#### What is being asked
If a line in the entries below holds the string "POLO", copy it.

#### Caption-style text data

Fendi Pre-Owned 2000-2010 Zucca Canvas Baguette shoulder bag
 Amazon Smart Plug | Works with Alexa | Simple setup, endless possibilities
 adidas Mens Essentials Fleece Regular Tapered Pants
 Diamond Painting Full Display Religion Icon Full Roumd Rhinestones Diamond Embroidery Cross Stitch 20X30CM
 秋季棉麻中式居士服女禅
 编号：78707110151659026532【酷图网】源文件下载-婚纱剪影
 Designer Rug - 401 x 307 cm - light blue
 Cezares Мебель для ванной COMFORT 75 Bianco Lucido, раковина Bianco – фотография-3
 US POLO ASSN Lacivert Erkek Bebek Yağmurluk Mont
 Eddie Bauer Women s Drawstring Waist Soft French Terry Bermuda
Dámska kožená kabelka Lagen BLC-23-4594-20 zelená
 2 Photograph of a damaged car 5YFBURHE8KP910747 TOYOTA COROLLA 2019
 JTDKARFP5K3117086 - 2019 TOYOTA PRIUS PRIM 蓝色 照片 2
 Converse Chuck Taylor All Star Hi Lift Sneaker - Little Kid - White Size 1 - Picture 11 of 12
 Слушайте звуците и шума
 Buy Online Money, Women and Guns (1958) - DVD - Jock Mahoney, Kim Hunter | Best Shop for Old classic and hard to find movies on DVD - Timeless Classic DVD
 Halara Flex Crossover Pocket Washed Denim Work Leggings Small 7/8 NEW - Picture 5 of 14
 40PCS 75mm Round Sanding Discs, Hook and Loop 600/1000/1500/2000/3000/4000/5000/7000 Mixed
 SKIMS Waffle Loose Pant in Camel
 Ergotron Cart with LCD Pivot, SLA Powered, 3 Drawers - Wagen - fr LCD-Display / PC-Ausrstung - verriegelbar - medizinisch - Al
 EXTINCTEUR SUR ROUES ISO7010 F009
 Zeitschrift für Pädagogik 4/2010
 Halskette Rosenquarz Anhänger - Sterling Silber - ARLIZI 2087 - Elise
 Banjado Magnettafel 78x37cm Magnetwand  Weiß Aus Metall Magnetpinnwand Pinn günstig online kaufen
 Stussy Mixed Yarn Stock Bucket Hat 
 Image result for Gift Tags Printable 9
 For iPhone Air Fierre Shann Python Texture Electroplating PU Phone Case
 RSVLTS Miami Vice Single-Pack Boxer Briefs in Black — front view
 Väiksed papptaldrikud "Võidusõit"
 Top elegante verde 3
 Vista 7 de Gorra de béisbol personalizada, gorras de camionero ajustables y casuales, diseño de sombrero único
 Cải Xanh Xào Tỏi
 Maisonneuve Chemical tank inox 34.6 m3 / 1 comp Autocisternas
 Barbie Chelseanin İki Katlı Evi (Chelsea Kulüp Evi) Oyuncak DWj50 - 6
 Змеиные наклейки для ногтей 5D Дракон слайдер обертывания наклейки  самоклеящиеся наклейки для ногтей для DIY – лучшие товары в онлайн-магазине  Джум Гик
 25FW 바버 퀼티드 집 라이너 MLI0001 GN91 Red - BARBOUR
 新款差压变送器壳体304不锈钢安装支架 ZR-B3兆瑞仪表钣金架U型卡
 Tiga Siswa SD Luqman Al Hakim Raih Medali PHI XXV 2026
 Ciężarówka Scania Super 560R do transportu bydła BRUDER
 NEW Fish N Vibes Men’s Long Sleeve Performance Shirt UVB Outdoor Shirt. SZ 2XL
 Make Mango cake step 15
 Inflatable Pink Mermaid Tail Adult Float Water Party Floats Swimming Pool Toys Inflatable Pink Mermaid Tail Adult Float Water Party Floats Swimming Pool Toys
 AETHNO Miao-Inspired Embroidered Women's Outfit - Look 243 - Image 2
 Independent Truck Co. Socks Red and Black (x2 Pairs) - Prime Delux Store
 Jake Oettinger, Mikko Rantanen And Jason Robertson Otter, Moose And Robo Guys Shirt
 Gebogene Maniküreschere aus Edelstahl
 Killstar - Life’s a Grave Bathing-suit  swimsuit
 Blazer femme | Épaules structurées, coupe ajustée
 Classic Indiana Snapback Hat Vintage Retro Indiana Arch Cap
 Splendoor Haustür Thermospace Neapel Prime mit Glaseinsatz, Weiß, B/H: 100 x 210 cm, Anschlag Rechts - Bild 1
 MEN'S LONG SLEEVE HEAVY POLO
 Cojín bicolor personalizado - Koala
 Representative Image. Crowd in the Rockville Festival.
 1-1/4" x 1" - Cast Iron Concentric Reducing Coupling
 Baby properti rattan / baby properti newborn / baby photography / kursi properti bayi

#### Written solution
 US POLO ASSN Lacivert Erkek Bebek Yağmurluk Mont
 MEN'S LONG SLEEVE HEAVY POLO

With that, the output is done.